Выйдя из санчасти, я увидел перед зданием администрации группу незнакомых офицеров в высоких званиях. Мухаммад Исламов непринужденно разговаривал с ними.

Когда я подошел, Мухаммад Исламов объявил со смехом:

-Вот идет человек, который сам не верит, что он Сафар Бекжан!

Офицеры тоже засмеялись и поздоровались со мной за руку, чего в отношении заключенного мне видеть прежде не приходилось.

-Неужели человек, которому подарили свободу, может спокойно лежать?!, -весело воскликнул один из них.

-До Cвободы, даст Бог, осталось 57 дней, -невозмутимо ответил я.

Тут вмешался Мухаммад Исламов:

-Сафар, собирай вещи, сегодня отправляемся домой.

После этого мы вошли в здание. Мухаммада Исламова завели в одну комнату, меня в другую. Начальник спецотдела Орзимурад Фармонов, несколько месяцев назад бивший меня ногами по лицу, протянул постановление Кабинета министров Узбекистана. Оказалось, что это было решение об объявлении Демократической партии “Эрк” вне закона.
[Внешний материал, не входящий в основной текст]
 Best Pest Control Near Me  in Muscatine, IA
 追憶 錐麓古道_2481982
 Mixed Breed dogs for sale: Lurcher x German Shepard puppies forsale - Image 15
Я должен был написать, что “поддерживаю решение о запрещении деятельности своей партии” и расписаться.

Я посмотрел на Фармонова, но он отвел глаза. Вероятно, это случилось с ним в первый раз.

-Я не буду подписывать эту бумагу. До выхода из заключения мне осталось 57 дней, потерплю. Я не добиваюсь амнистии.

-Если так, пишите, что хотите, -неожиданно согласился Фармонов.

Что я и сделал.

Многие не могли поверить, что нам возвращают то, что когда-то отобрали. Прощаясь с нами, кто-то плакал, а кто-то смеялся. Надежда обрести когда-нибудь свободу появилась в этот день и у других политзаключенных.

Мы вышли из зоны. До центра Карши доехали с офицерами. Дальше мы должны были добираться сами -вначале в Самарканд, а затем в Ташкент.

Я вспомнил 1993 год и решил проверить, нет ли за нами кого-нибудь от “кума”. Карши небольшой город и нам хватило часа, чтобы обнаружить за собой “хвост”. Одним словом, на свободе, которую мы не видели три года, ничего не изменилось. Но прежними были не только они, но и мы. Так же, как в зоне, я понял: придется бороться снова.